David Danic: Yeah we've gone back and amended three years of tax returns to-

Carl Smith: That's what I thought, yeah.

David Danic: To get some of your past activities. We obviously love if you're super organized and you're tracking all your time to the penny and you have all your projects and your tasks marked as R&D, but if you don't we can still do some interviews of staff to see if some of those old projects qualify. So don't be scared.

Carl Smith: That's awesome. Well Dave thanks so much for being on the show, and I'm excited, my understanding is you're gonna be at Owner Summit, we're trying to find a place to get more of this tax information out to everybody.

David Danic: Yeah back and better than ever. Back by popular demand, are you serious?

Carl Smith: Yeah, no, serious. You were tied with Will and with ... oh, it's killing me right now, but you were tied for the top talk. And I was just like oh my God, what if he was delivering something that wasn't boring as hell?

David Danic [inaudible 00:29:51] that's high praise but I'll take it.

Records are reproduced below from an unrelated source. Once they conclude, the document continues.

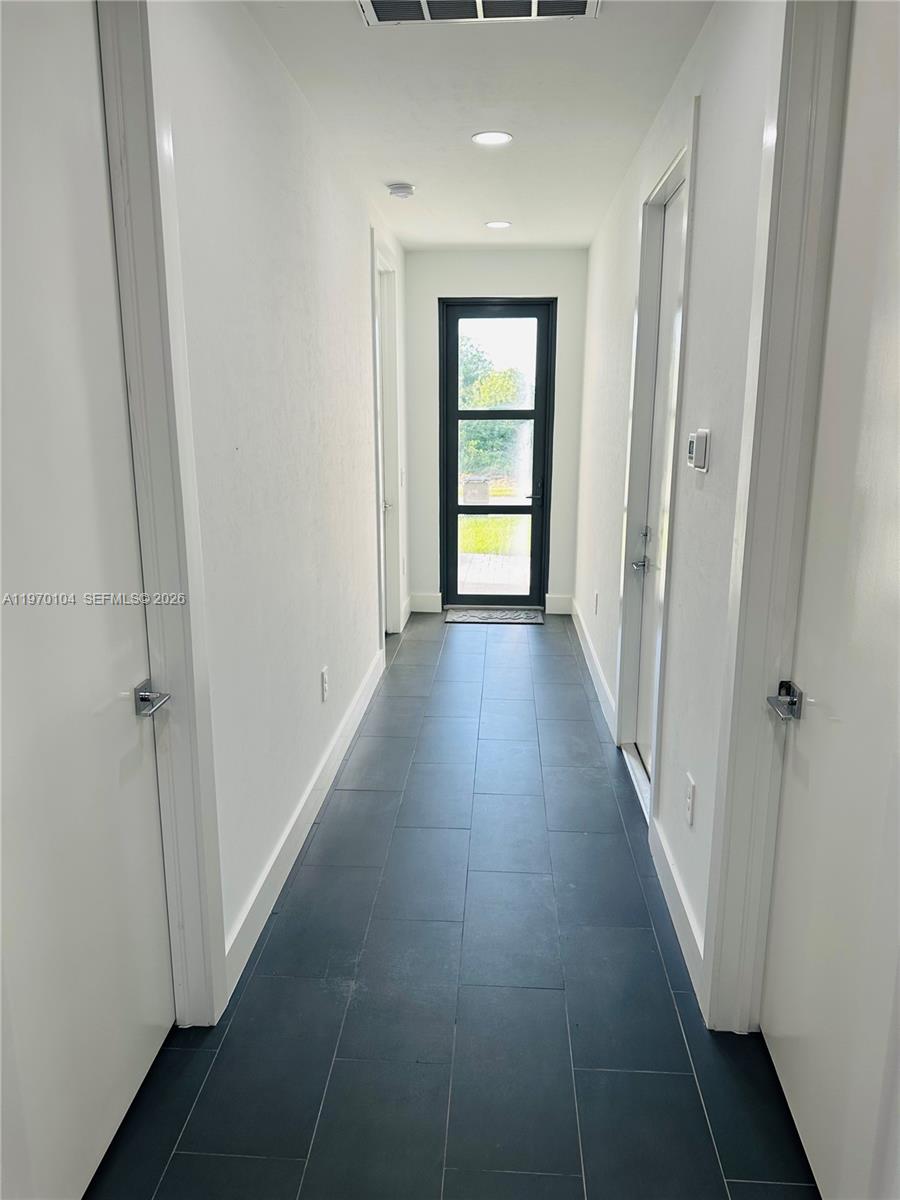 Lee high - Residential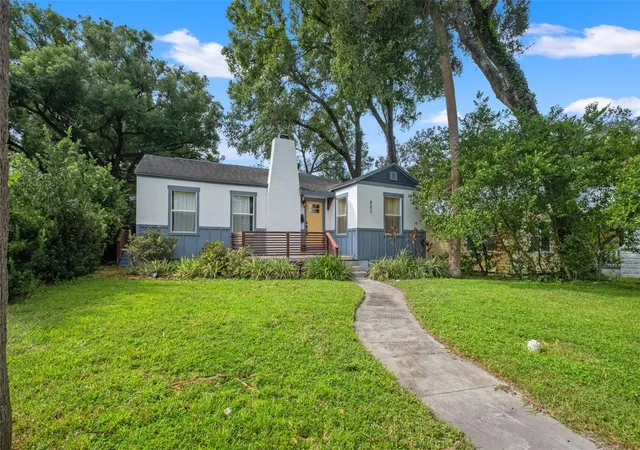 Photo 3 of Single family home for sale at 803 E Hollywood St, Tampa, FL 33604 | MLS# TB8554212 | Listing updated on 2026-10-03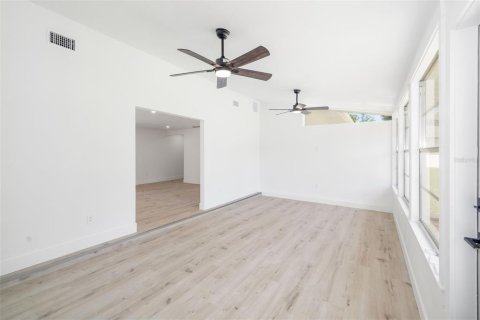 Casa en venta en Sarasota, Florida, 3 dormitorios, 176.51 m2 № 1620174 - foto 13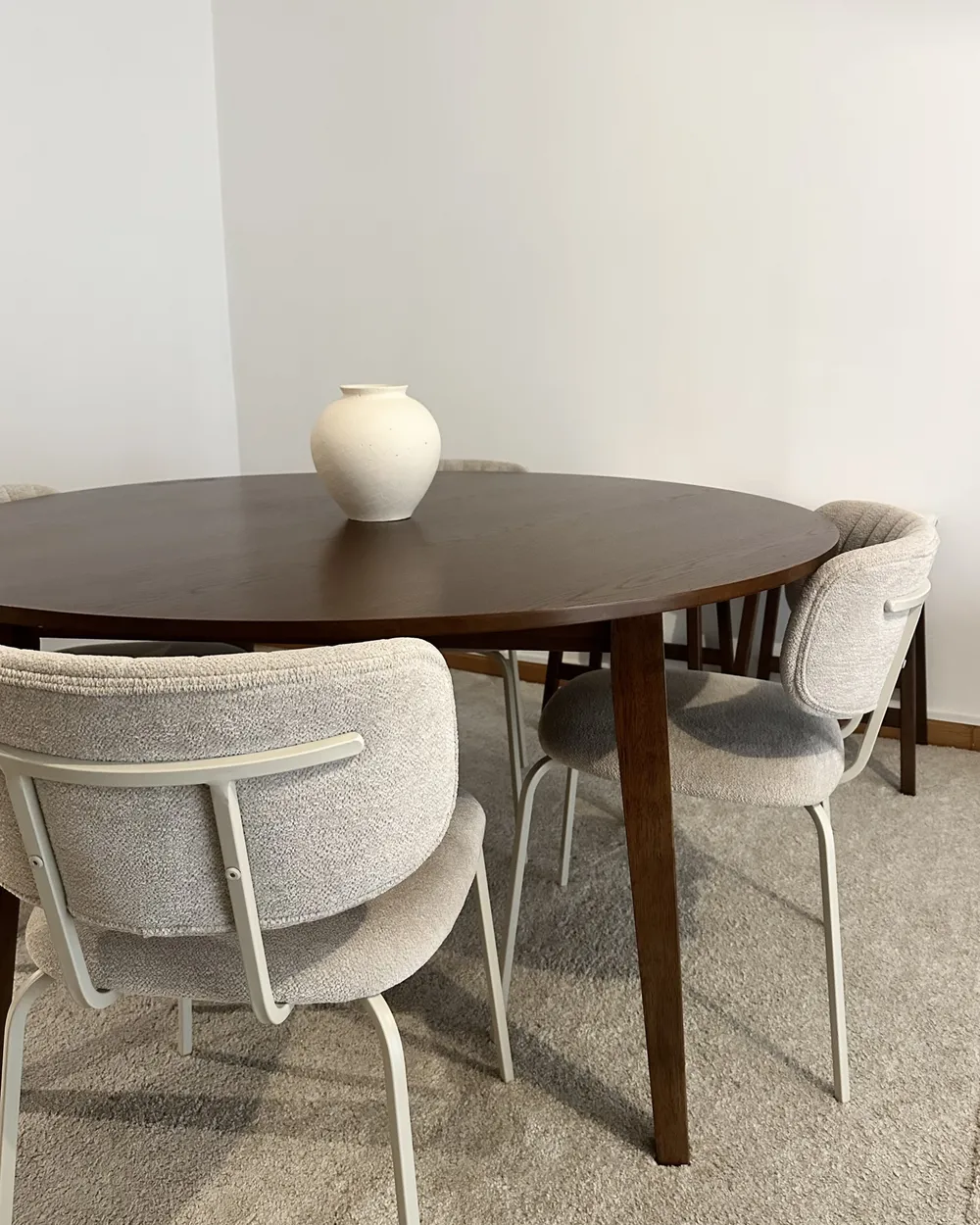 Dining Table HUNTLEY Dark Oak 140 cm 140 cm_1035883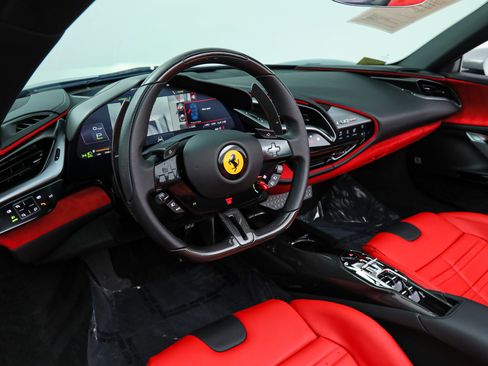 Certified 2025 Ferrari SF90 Spider AWD/4WD image 5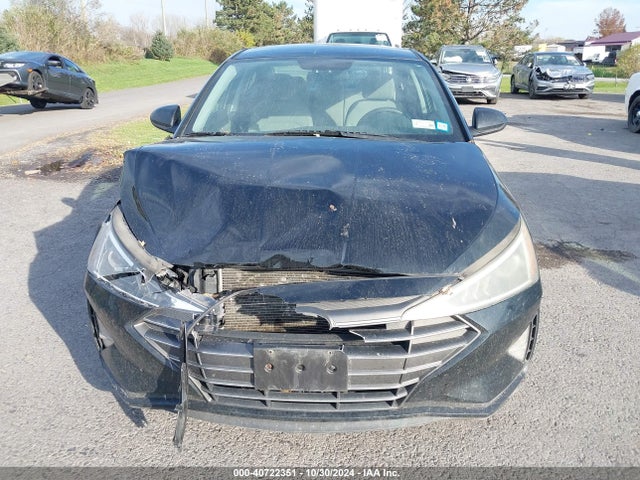 Hyundai ELANTRA SE 2019 5NPD74LF2KH493173 Image 12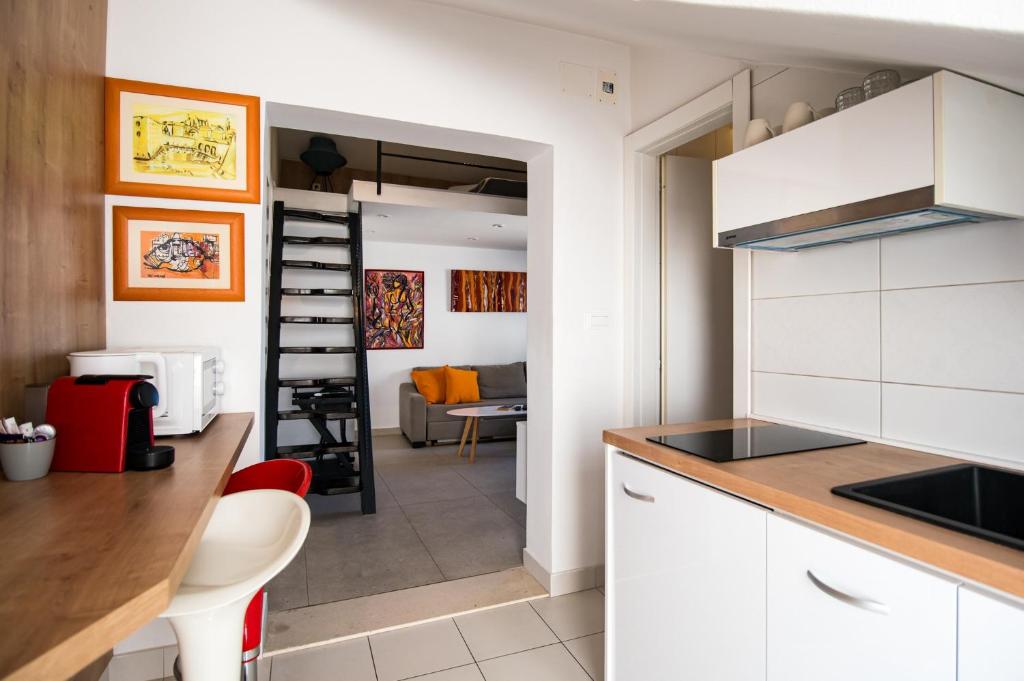 ADRIATIC GALLERY APARTMENT - 5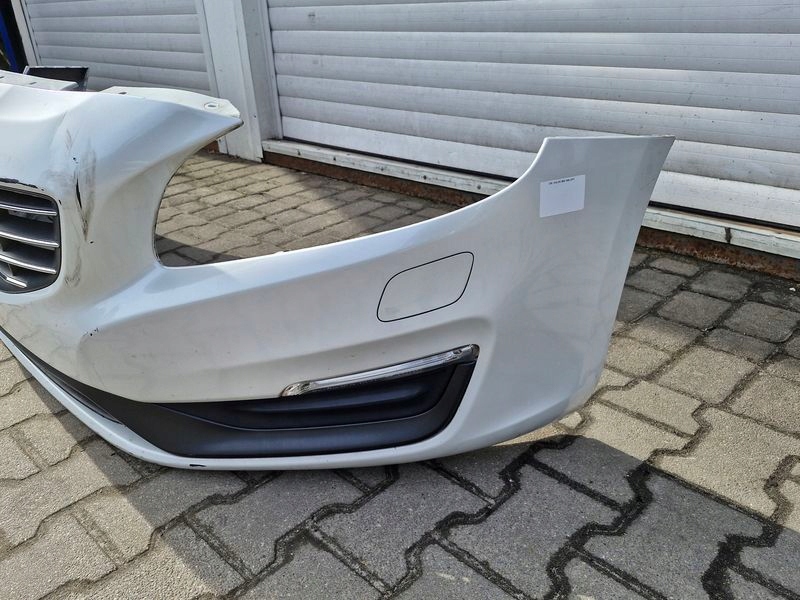 Volvo s60 ii 2 рестайлінг  бампер перед передній led світлодіоди решітка радіатора в Україні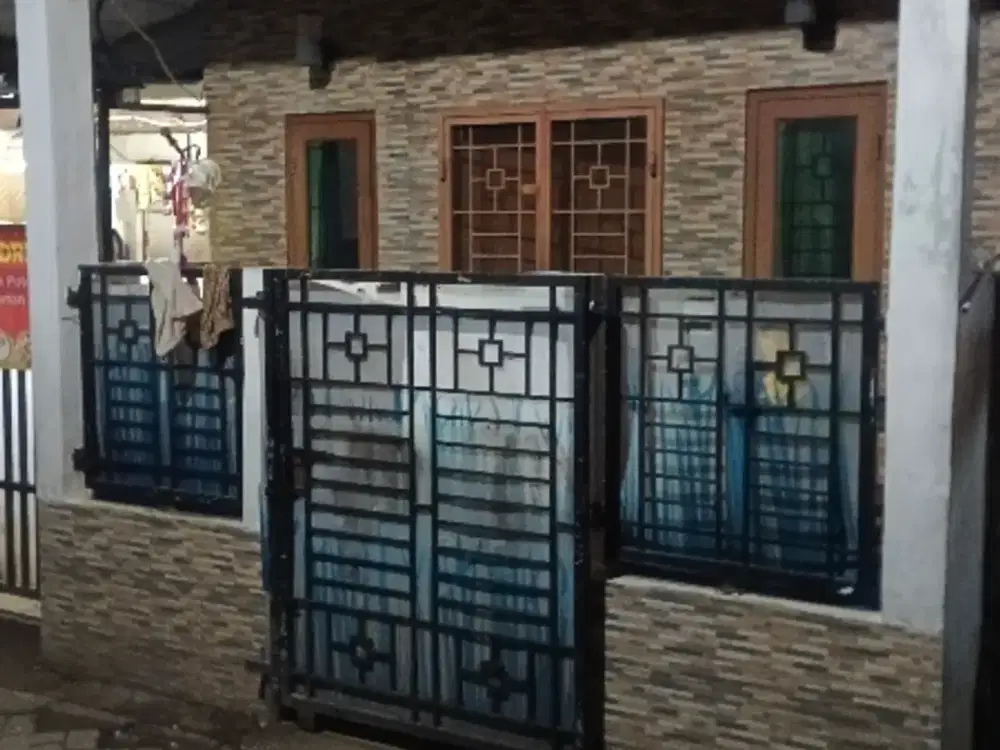 Rumah akses Mobil hrg Banting POL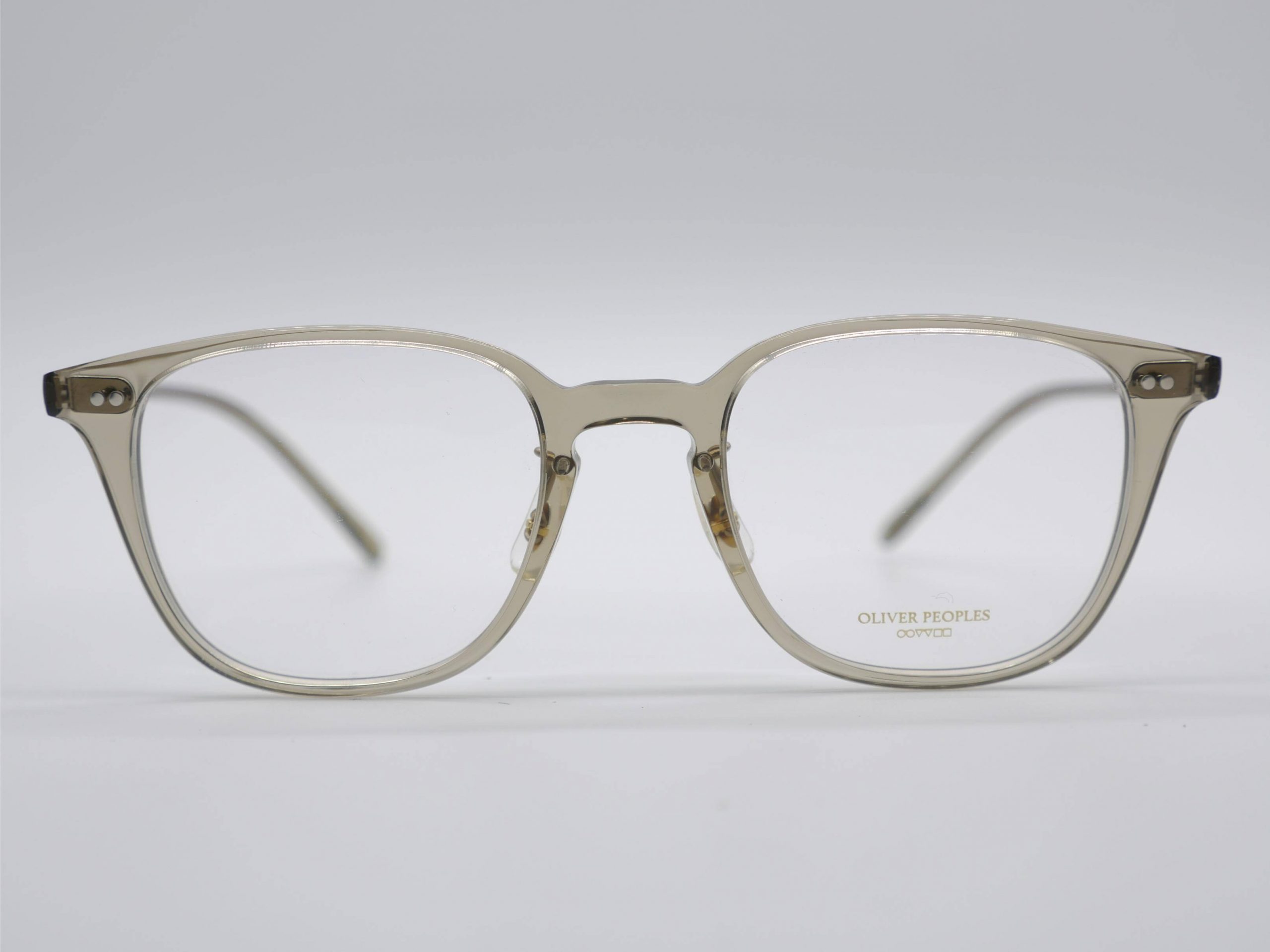Modelo OV5578 Sobel de Oliver Peoples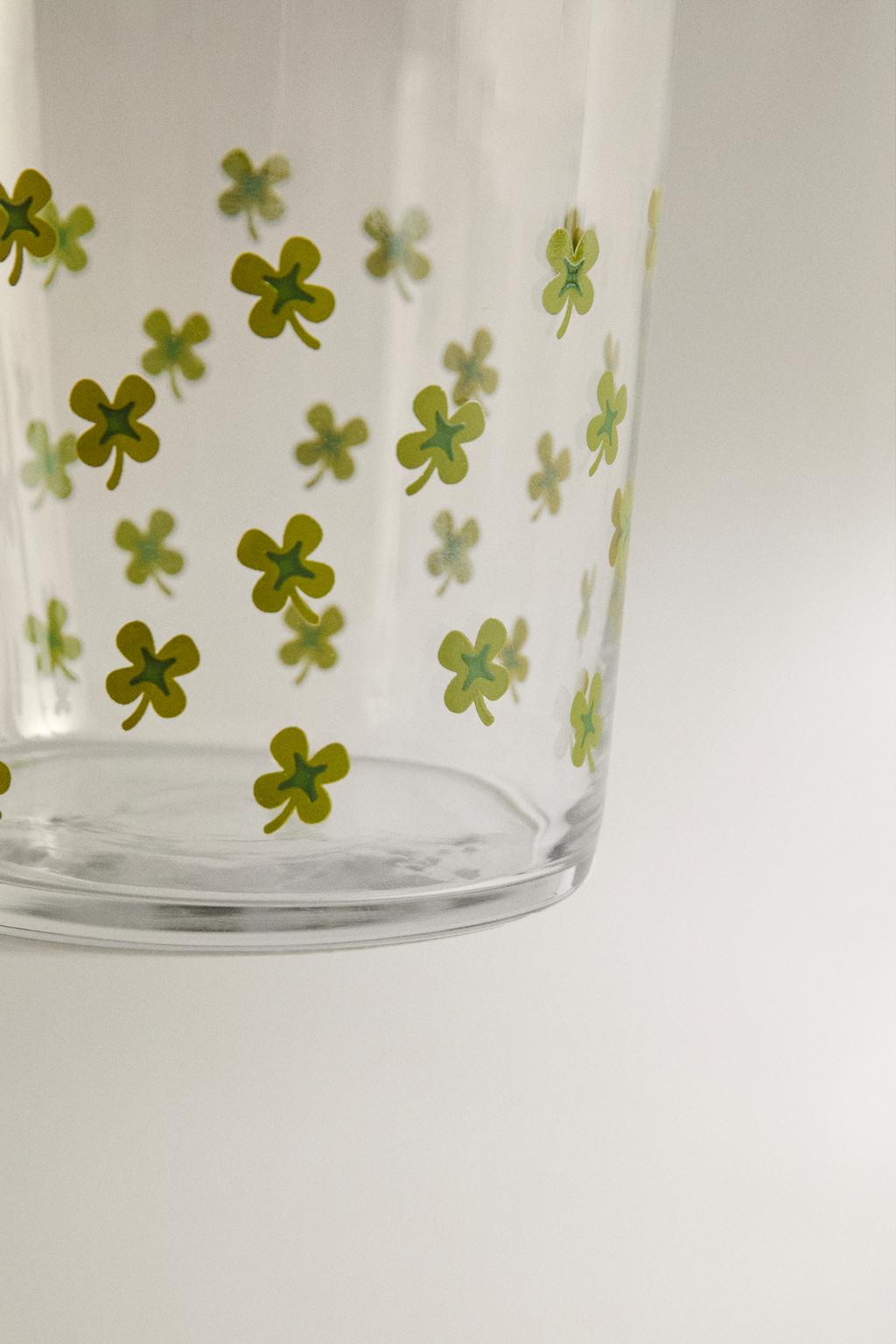 Стеклянная чашка с переводом клевера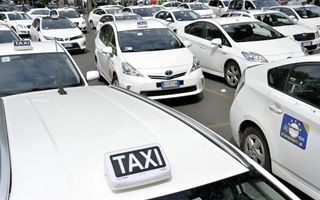 Taxi in sciopero: la riforma del trasporto non di linea in Italia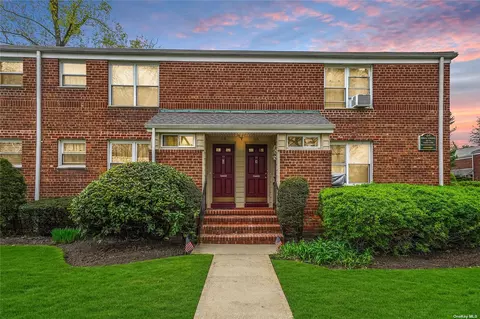 32 Edwards St #2A, Roslyn Heights, NY 11577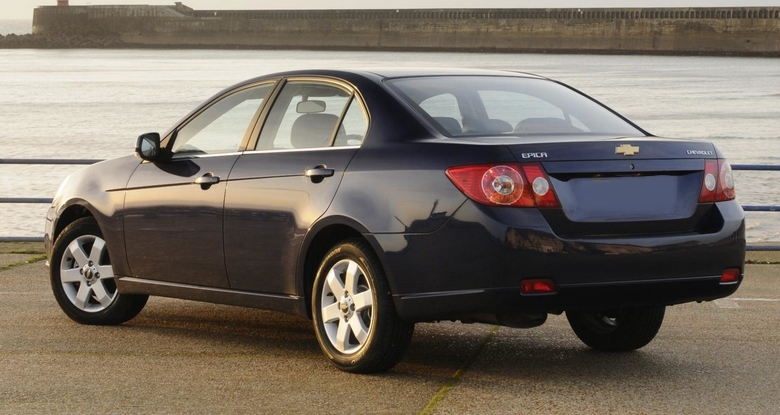 Chevrolet Epica Nasıl Araba, Alınır Mı? İnceleme ve Kullanıcı Yorumları 1 chevrolet epica arka ve yandan gorunumu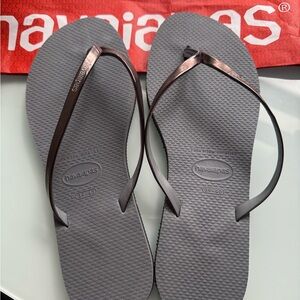 Brand New Havaianas Slim Metallic Women 9/10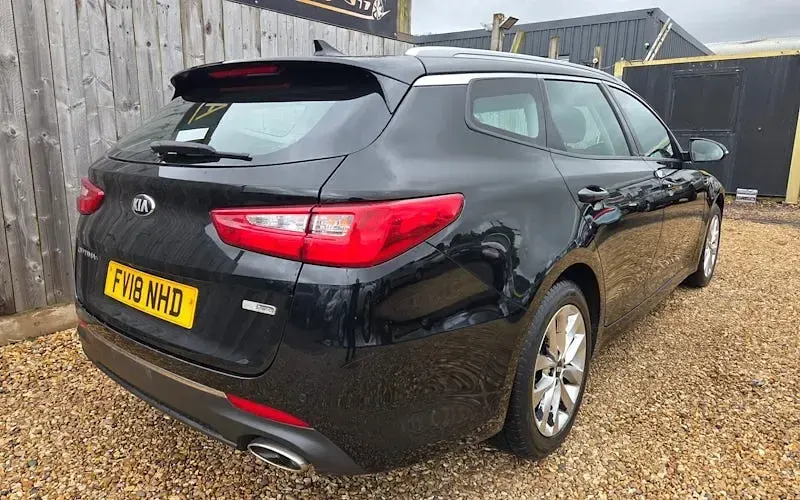 Used Kia Optima 141 HP (103 kW) 2017 Black Estate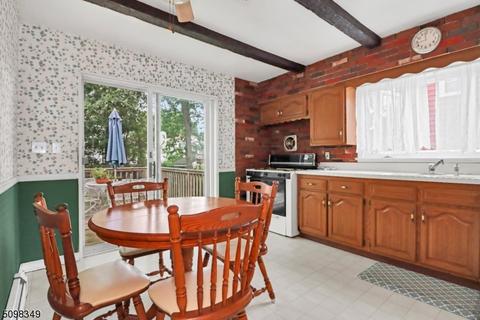 68 Moore Ave, Waldwick, NJ 07463 photo 4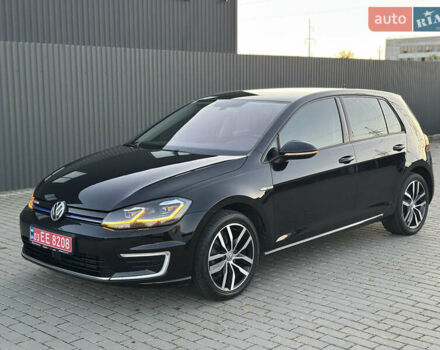 Черный Фольксваген e-Golf, объемом двигателя 0 л и пробегом 120 тыс. км за 14600 $, фото 4 на Automoto.ua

Carl Smith: What if he was actually delivering amazing information? No, I'm just kidding. But it's a gift for you to be able to get on stage and not only are people listening because there's money involved, but you make it fun. How do you make taxes fun, I don't know, but you do it.

David Danic: Well when you decide it's your career path-

Carl Smith: Thanks for being on the show, man.

David Danic: That's all you can do is to make it fun.

Carl Smith: There you go.

David Danic: It was a great pleasure being here, Carl. Great chatting with you, and hope to see you soon.

Carl Smith: Yeah, well you will, you'll see me in February, if not before. And I will talk to you then. And for everybody listening, thank you so much, and I hope you get a big return.

This podcast is for informational purposes only, and doesn't constitute tax, accounting or legal advice. For advice on how the tax credit applies to your business and unique situation, consult a tax advisor, accountant or lawyer.